BNL: degraded efficiency due to large number tape staging requests from the ATLAS production tasks (pile up and HITS merging) and this caused a high load on the dCache/pnfs server resulting in an unacceptably high failure rate for DDM transfers.

 

CERN: Good news on Castor Oracle BIGID problem. From https://savannah.cern.ch/support/?106879

 

After joint work with Sebastien and excellent feedback from some people from Oracle including Oracle development, it looks now clear that the problem is linked with the usage of "DML returning" statements accessed from OCCI. Basically it works for single row but with different types and combination of single row / multiple rows, it can “not work” and lead to issues like the Big Id issue.

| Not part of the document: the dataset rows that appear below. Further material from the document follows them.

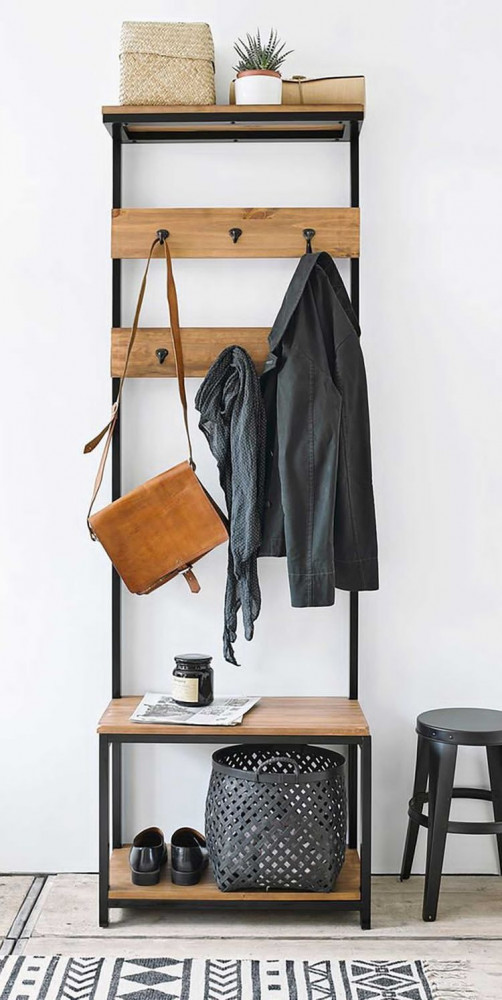 Clothing hanger with storage unit 890041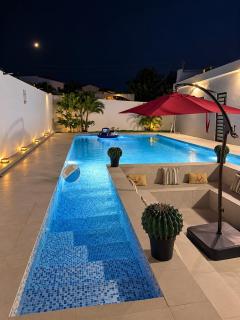 The Jhonson Villa - 8 Pax, 2 Min de La Playa - 7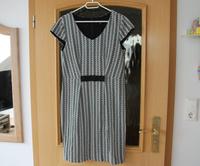 Sommerkleid, Etuikleid, Kurzarm Kleid, Marke "Comma", Gr. 40, Bayern - Augsburg Vorschau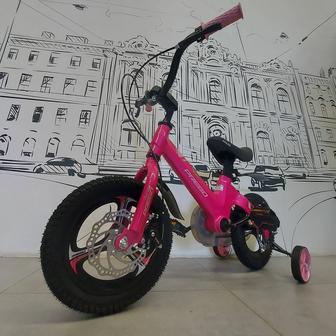 Розовый Детский двухколесный велосипед Prego с литыми дисками 12.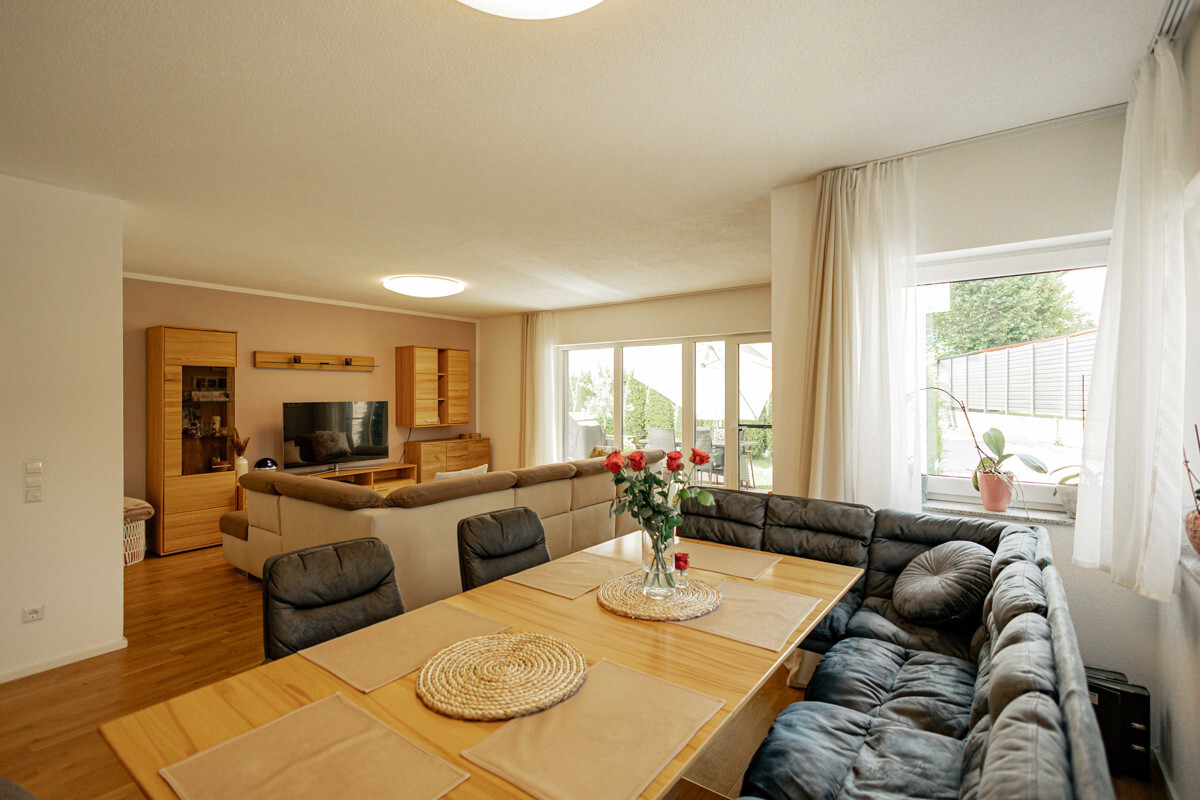 Essbereich mit Blick in den Wohnbereich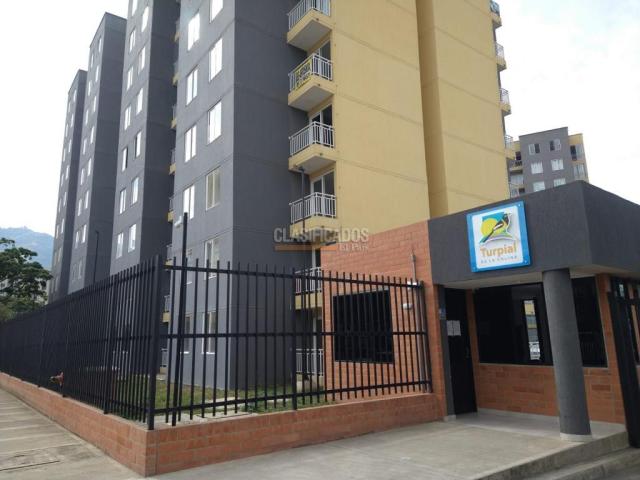 Apartamentos, Venta en Yumbo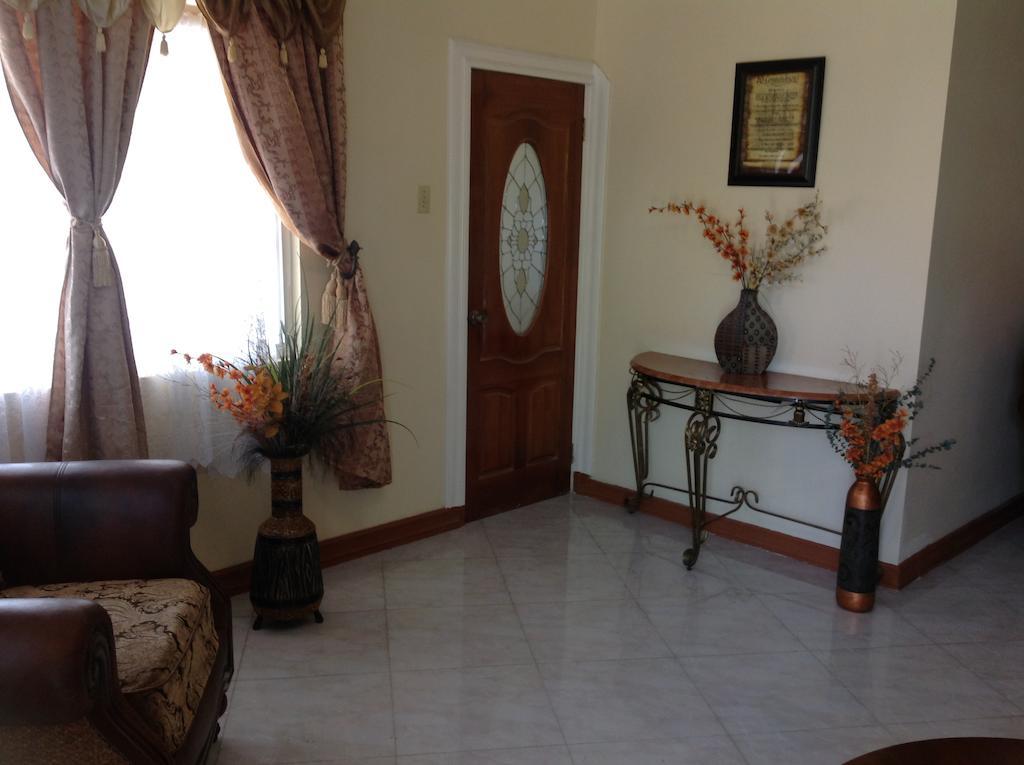 Cazwin Villas มอนเทโกเบย์ ภายนอก รูปภาพ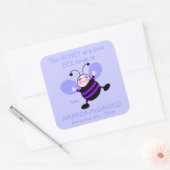 Niedlicher Cartoon Bee Schoolbook Name Labels Lila Quadratischer Aufkleber (Umschlag)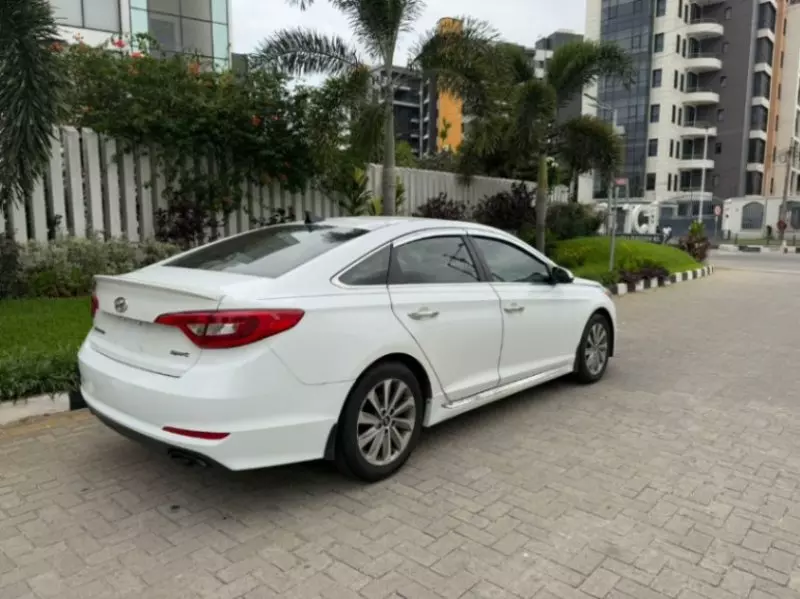 Hyundai Sonata   - 2016
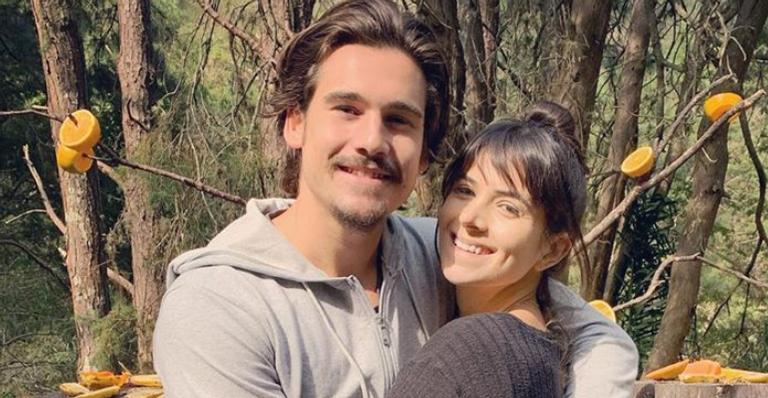 Nicolas Prattes posa sorridente ao lado da namorada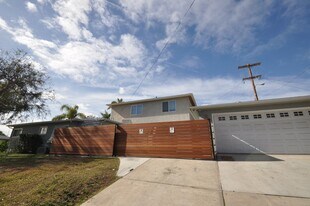 5780 Mary Ln Dr in San Diego, CA - Building Photo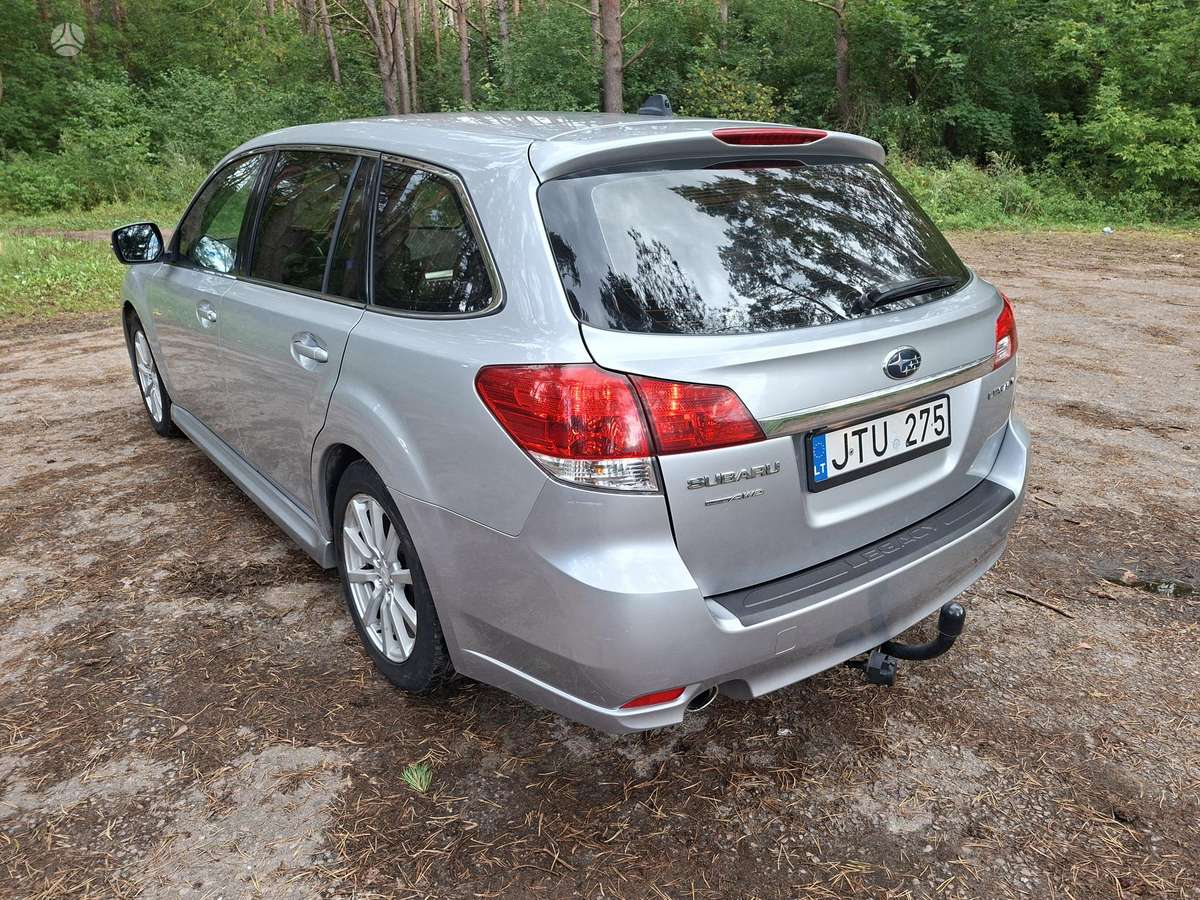 Subaru Legacy - 6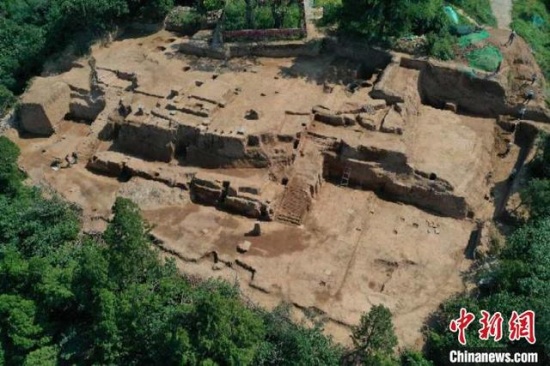 西安發(fā)現(xiàn)長(zhǎng)恨歌里的驪宮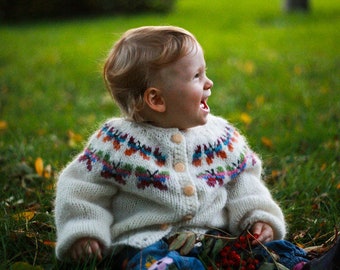 Gilet des enfants, tricoté à la main en pure laine.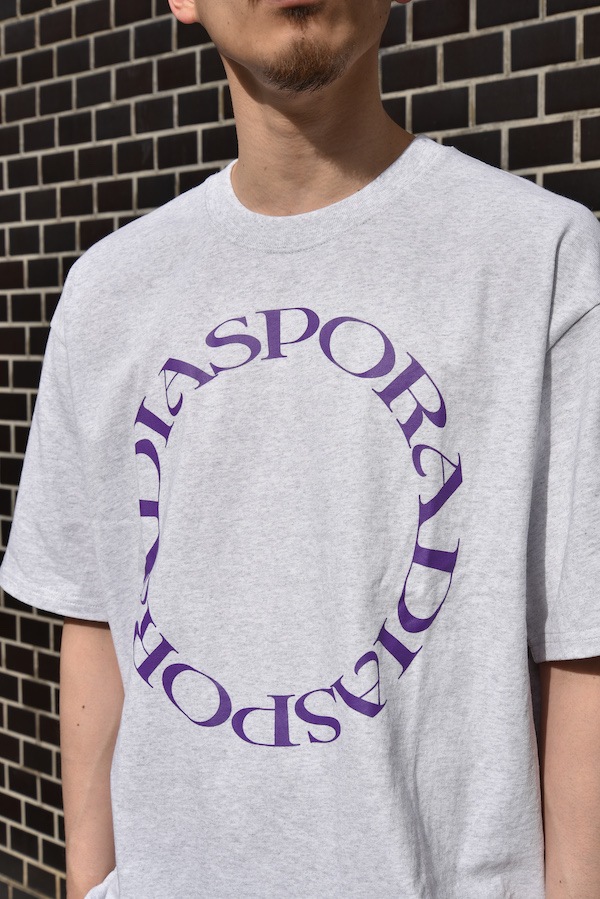 Diaspora skateboards �ǥ������ݥ� Round Logo Tee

Oracle has opened a documentation bug (public and accessible with Metalink account) about the issue: “OCCI does not support 'retuning into'…” 

 

But for the time being a workaround must be found by the CASTOR team.

 

J.Gordon asked that in SAM matrices in Slide 7 GridView should specify which is the VO represented.

 

Upon request from K.Bos, Qin Gang reported some news about ASGC:

-       There are now 2 tape drivers LT03 online.

-       The schedule of the installation of the other six LT04 tape drivers will be late of two weeks.

 

2.    ALICE 2009Q1 QR Report (Slides) – Y.Schutz

 

Y.Schutz presented the 2009Q1 quarterly report for ALICE.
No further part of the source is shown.